## Kaggle Challenge - Twitter Sentiment Analysis - Bag-Of-Words Model

In [2]:
# read train data
import pandas as pd
train = pd.read_csv("train.csv", header=0, delimiter=",", encoding='latin-1')

In [3]:
list(train.columns.values)

['ItemID', 'Sentiment', 'SentimentText']

In [28]:
train.head(5)

Unnamed: 0,ItemID,Sentiment,SentimentText
0,1,0,is so sad for my APL frie...
1,2,0,I missed the New Moon trail...
2,3,1,omg its already 7:30 :O
3,4,0,.. Omgaga. Im sooo im gunna CRy. I'...
4,5,0,i think mi bf is cheating on me!!! ...


In [4]:
train.shape

(99989, 3)

In [5]:
for i in range(1,5):
    print(train["SentimentText"][i])
    print("NEXT---------------------")

                   I missed the New Moon trailer...
NEXT---------------------
              omg its already 7:30 :O
NEXT---------------------
          .. Omgaga. Im sooo  im gunna CRy.
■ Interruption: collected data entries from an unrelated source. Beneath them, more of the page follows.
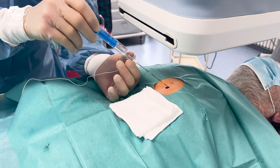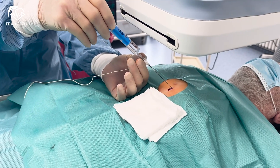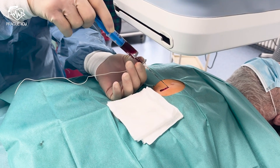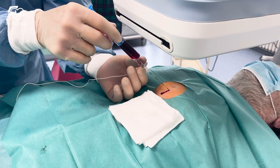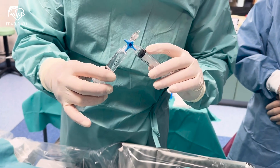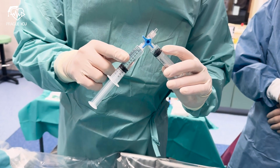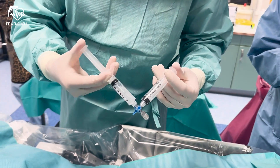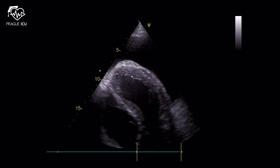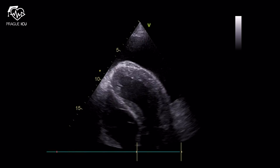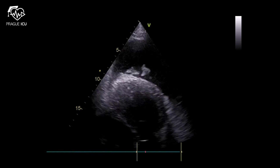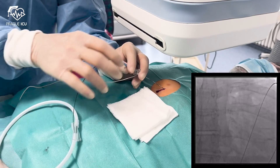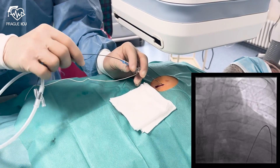Continue inserting the needle with negative back pressure until pericardial fluid is aspirated. A bloody aspirate may indicate myocardial puncture or hemorrhagic pericardial effusion. Therefore, the extracardiac position of the tip of the needle can be confirmed by injecting agitated saline through the Tuohy needle — the bubbles can be visualized through echocardiography in the pericardial space, creating a nice snowflake-like image.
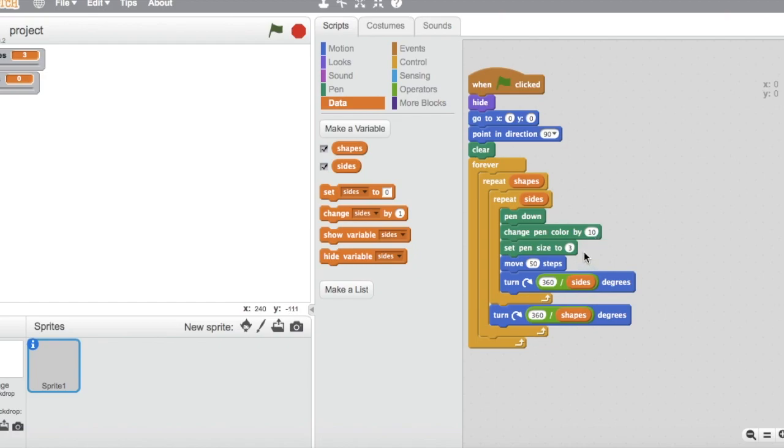After that, these two blocks move the pen 50 steps and turn right 360 divided by the amount of sides degrees. This block over here finds out the amount of degrees between each angle of the shape.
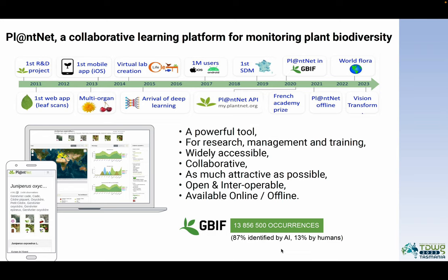This is why we have developed for more than 10 years a collaborative learning platform for monitoring plant biodiversity. Our main objective is to develop scientific instruments as a powerful tool for researchers, managers and for training activities — widely accessible, developed in a collaborative manner, as attractive as possible, open and as interoperable as possible, available online as well as offline in order to allow wide access in remote conditions.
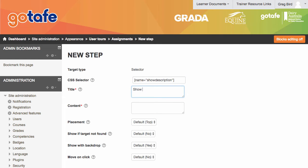I can then go ahead and add my instructions here. So a title and some content.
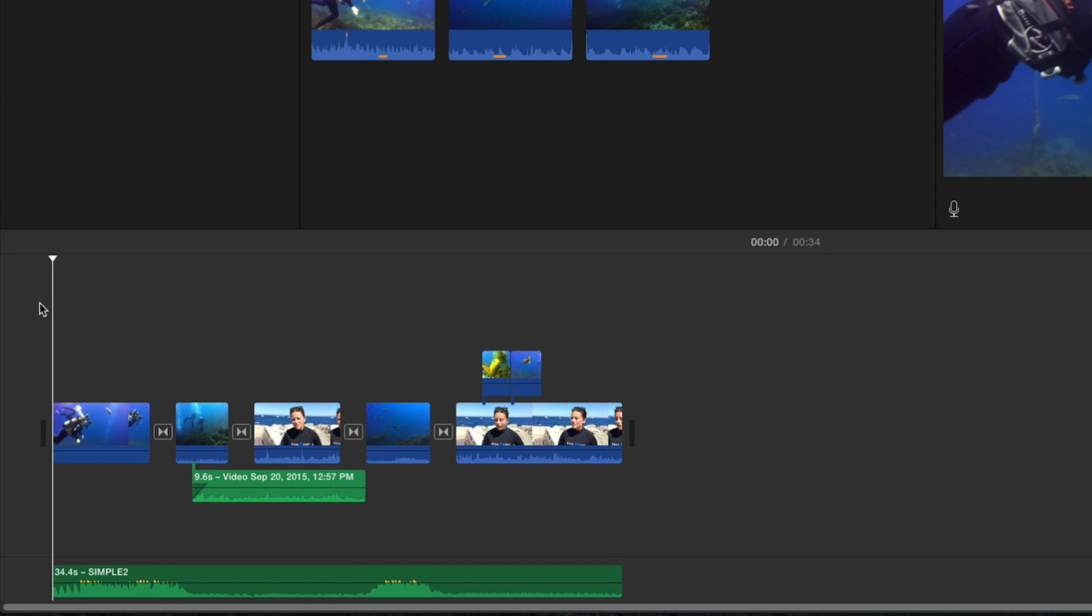At this point, I can continue editing, add more clips to the project, add effects, titles, and video enhancements, and otherwise take my project to the next level using the tools that were presented throughout this tutorial.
I've been at this dentist since 11.. I was suposed 2 just get a crown put on (30mins)...
NEXT---------------------
         i think mi bf is cheating on me!!!       T_T
NEXT---------------------


### Clean the train data

In [7]:
from cleanData import twitts_to_words

In [8]:
num_twitts = train["SentimentText"].size

In [9]:
clean_train_twitts = []

In [10]:
for i in range(0, num_twitts):
    if( (i+1)%30000 == 0 ):
        print ("Review {} of {}\n".format(i+1, num_twitts))             # status updates
    clean_train_twitts.append(twitts_to_words(train["SentimentText"][i]))

Review 30000 of 99989

Review 60000 of 99989

Review 90000 of 99989



In [11]:
len(clean_train_twitts)

99989

In [13]:
for i in range(1,5):
    print(clean_train_twitts[i])
    print("NEXT---------------------")

missed new moon trailer
NEXT---------------------
omg already
NEXT---------------------
omgaga im sooo im gunna cry dentist since suposed get crown put mins
NEXT---------------------
think mi bf cheating
NEXT---------------------


### Creating Features from a Bag of Words (Using scikit-learn)
- convert data training tweets to some kind of numeric representation for machine learning

- Bag-of-Words Approach
The Bag of Words model learns a vocabulary from all of the documents, then models each document by counting the number of times each word appears. 
Vocabulary will be to big based on all tweets, so to limit the size of the feature vectors, we should choose some maximum vocabulary size - 5000 most frequent words
- sklearn.CountVectorizer - Convert a collection of raw documents to a matrix features.

In [14]:
from sklearn.feature_extraction.text import CountVectorizer

In [15]:
vectorizer = CountVectorizer(analyzer = "word",   \
                             tokenizer = None,    \
                             preprocessor = None, \
                             stop_words = None,   \
                             max_features = 5000)

In [16]:
train_data_features = vectorizer.fit_transform(clean_train_twitts)

In [17]:
type(train_data_features)

scipy.sparse.csr.csr_matrix

In [18]:
train_data_features.shape

(99989, 5000)

In [111]:
#train_data_features.toarray()

array([[0, 0, 0, ..., 0, 0, 0],
       [0, 0, 0, ..., 0, 0, 0],
       [0, 0, 0, ..., 0, 0, 0],
       ...,
       [0, 0, 0, ..., 0, 0, 0],
       [0, 0, 0, ..., 0, 0, 0],
       [0, 0, 0, ..., 0, 0, 0]], dtype=int64)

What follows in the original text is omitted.